Following a seasonal surge in December 2017, the US seaborne export of oil products reached the highest annual level ever, in terms of volume and tonne miles demand.
Volumes of US seaborne exports of oil products has increased by 9% in 2017 compared to 2016. This amounts to an additional export of 10.8 million tonnes – equivalent to 80 million barrels. The average seaborne exports of US oil products in 2017 was 2.7 million barrels per day, compared to 2.5 million barrels per day in 2016.
The US seaborne exports of oil products saw an annual decrease in tonne mile demand for 2014, 2015 and 2016, as the average sailing distance decreased more than the volumes increased. However, for 2017, the tonne mile demand is up 9% compared to 2016, as both volumes and average sailing distances are increasing.
“The recent development in exported oil products from the US provides the oil product tanker shipping industry with steady growth in volumes and yet again growth in tonne miles demand. Overall, we see oil product tankers operating in an improving market in 2018, with better market fundamentals for both demand and supply,” Peter Sand, BIMCO’s Chief Shipping Analyst, said.

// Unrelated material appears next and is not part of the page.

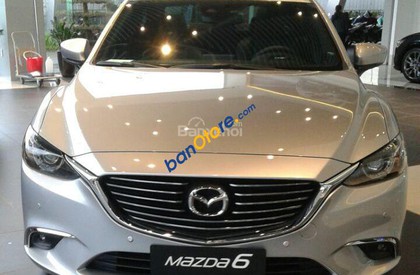 Mazda 6 2017 - Cần bán Mazda 6 năm 2017, màu bạc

“Still, the oil product tanker sector may only break-even in 2018, if demand growth is low throughout the year,” Sand added.
With 15 out of the top 20 importers based in the Americas, 76% of all oil products exported via the sea are bound for destinations on the American continent, which is underlined by the short average sailing distance of 3,270 nautical miles.
According to BIMCO, ports based in Texas and Louisiana on the US Gulf Coast, are responsible for 80% of all seaborne oil products exported in 2017.